What to produce
Copy out the listing that follows, exact in every word, and skip the images.

Source material
══════════

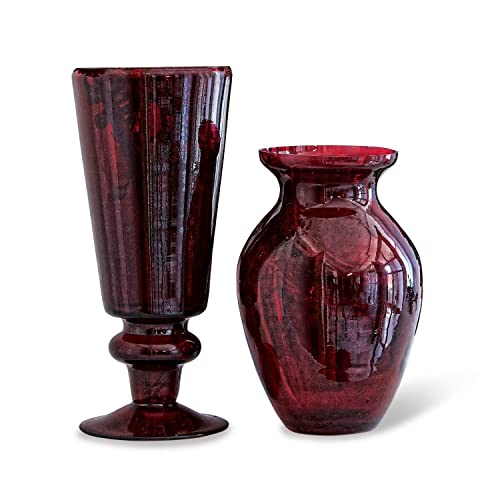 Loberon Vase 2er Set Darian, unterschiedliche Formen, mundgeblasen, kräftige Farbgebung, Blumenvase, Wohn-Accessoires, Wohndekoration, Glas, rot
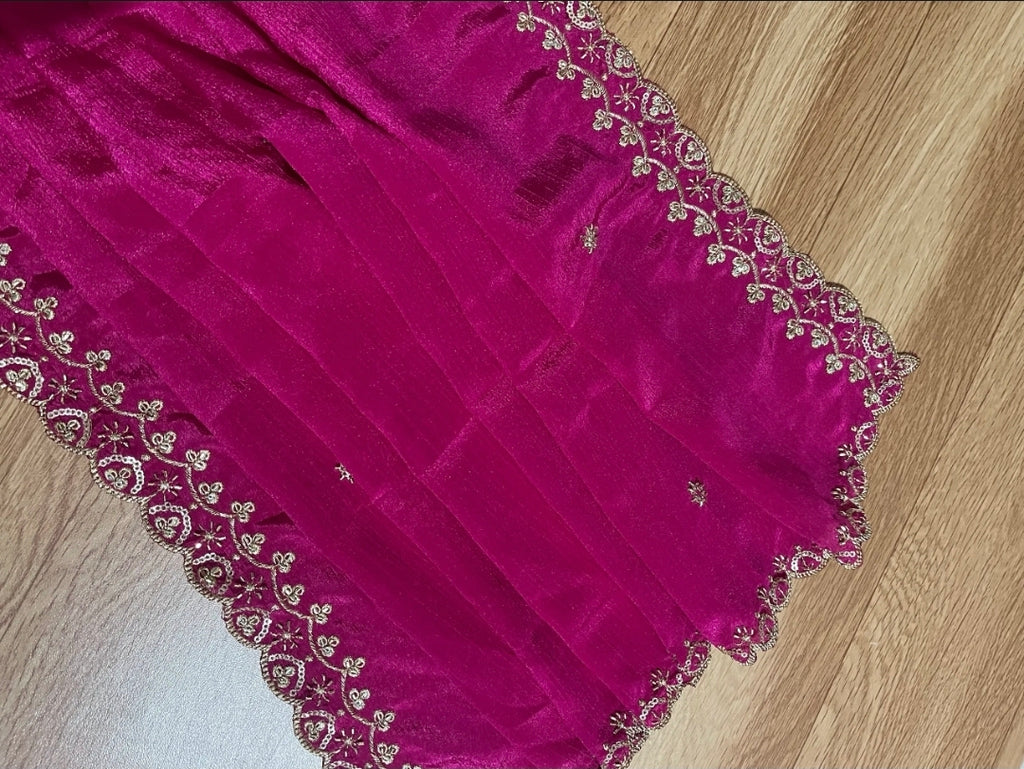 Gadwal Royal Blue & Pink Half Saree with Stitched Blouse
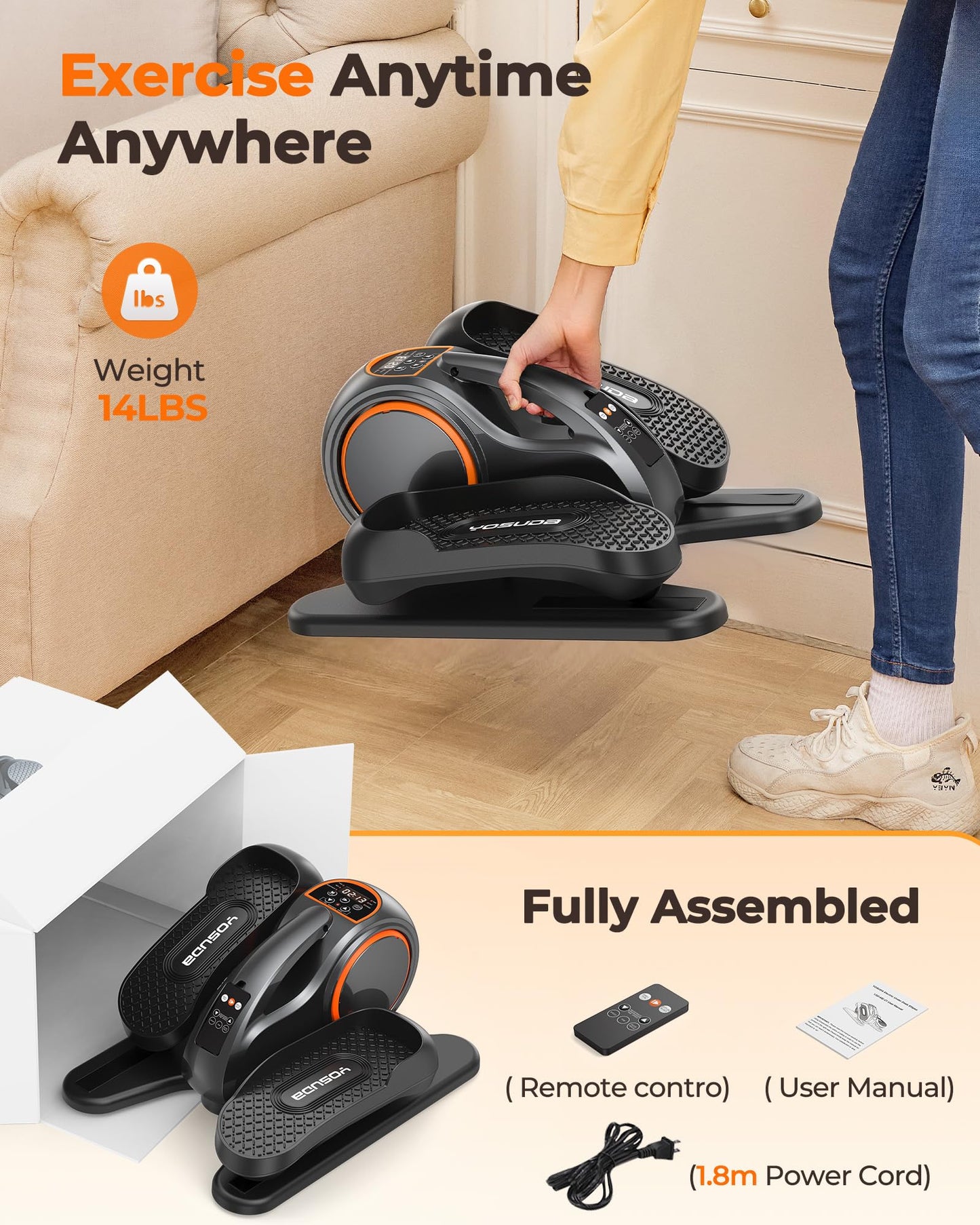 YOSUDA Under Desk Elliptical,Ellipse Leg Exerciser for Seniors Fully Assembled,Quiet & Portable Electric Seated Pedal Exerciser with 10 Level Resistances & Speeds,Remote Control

══════════

Written solution
 Loberon Vase 2er Set Darian, unterschiedliche Formen, mundgeblasen, kräftige Farbgebung, Blumenvase, Wohn-Accessoires, Wohndekoration, Glas, rot
 Gadwal Royal Blue & Pink Half Saree with Stitched Blouse
 YOSUDA Under Desk Elliptical,Ellipse Leg Exerciser for Seniors Fully Assembled,Quiet & Portable Electric Seated Pedal Exerciser with 10 Level Resistances & Speeds,Remote Control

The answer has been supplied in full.